The takeaway is that a sweep panorama is the discrete pipeline's assumptions — static scene, global shutter, fixed exposure, pure rotation — all relaxed at once and absorbed incrementally. Narrow central strips, gyroscope-predicted registration, continuous gain compensation, and per-row rolling-shutter rectification are, together, how a phone turns a hand-waved video into one clean wide photograph.

fig-rolling-shutter-pan
Figure 10.8.2. Rolling shutter in a fast pan. A CMOS sensor reads out row by row, so during a quick horizontal pan the bottom rows are captured later than the top rows and see a slightly rotated camera: $\mathbf p(y)=\mathbf p_0+y\,\dot{\mathbf p}$, row $y$ exposed at $t_0+y\,t_{\text{row}}$. Left (uncorrected): a vertical pole is rendered slanted and wobbly because the frame is sheared by the intra-frame motion. Right (corrected): modelling the per-row pose from the gyroscope and rectifying each row to a common pose straightens the pole. Panning slowly (the guide ribbon) and using a narrow strip both shrink the effect.
💡 Big lesson (L14 · recurrence)

The sweep panorama is another instance of capture the full set, decide later — here the set is a whole video stream of overlapping views, and the panorama is reconstructed from it. What is distinctive is how the set is captured and consumed: not as a deliberate, separable bracket (as in high-dynamic-range (HDR) exposure or a focal stack) but as a continuous stream processed incrementally in real time, where the reconstruction runs as the data arrives rather than offline afterward. The cost L14 always charges — more data, a harder reconstruction — is paid here in streaming registration, rolling-shutter rectification, and continuous gain compensation, in exchange for a wide image no single phone frame could hold. (Registered in Big Lessons as L14; first introduced in this part's intro, with the light-field / plenoptic case in Advanced computational photography as its special form. Recurs here on the viewpoint axis, in its streaming, real-time form.)


Big lessons of this chapter

The recurring principles from this chapter, gathered for review.

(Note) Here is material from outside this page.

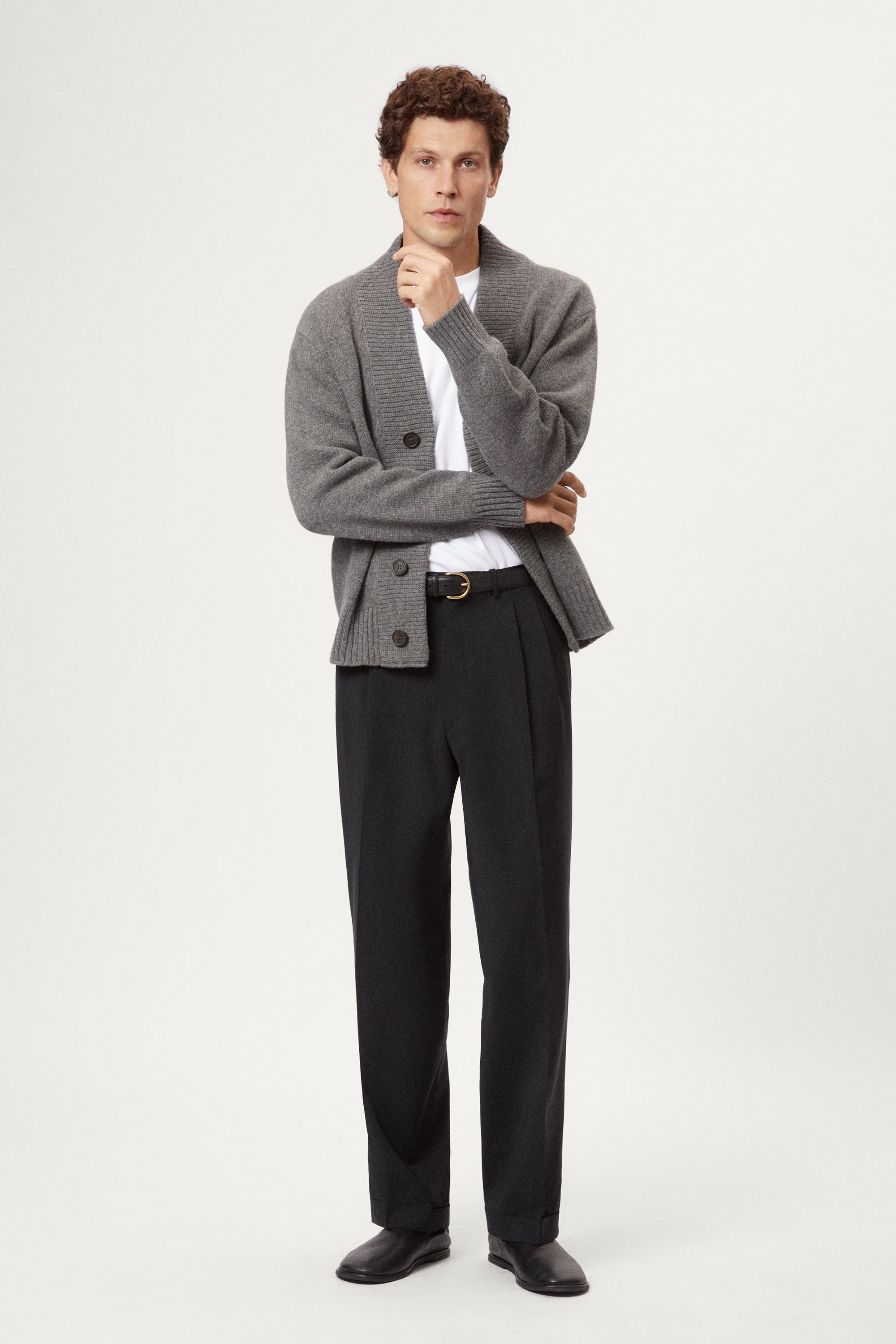 Man wearing a light gray Woolen Boxy Cardigan over a white shirt on a light gray background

💡 Big lesson (L14 · recurrence)

The sweep panorama is another instance of capture the full set, decide later — here the set is a whole video stream of overlapping views, and the panorama is reconstructed from it. What is distinctive is how the set is captured and consumed: not as a deliberate, separable bracket (as in high-dynamic-range (HDR) exposure or a focal stack) but as a continuous stream processed incrementally in real time, where the reconstruction runs as the data arrives rather than offline afterward. The cost L14 always charges — more data, a harder reconstruction — is paid here in streaming registration, rolling-shutter rectification, and continuous gain compensation, in exchange for a wide image no single phone frame could hold. (Registered in Big Lessons as L14; first introduced in this part's intro, with the light-field / plenoptic case in Advanced computational photography as its special form. Recurs here on the viewpoint axis, in its streaming, real-time form.)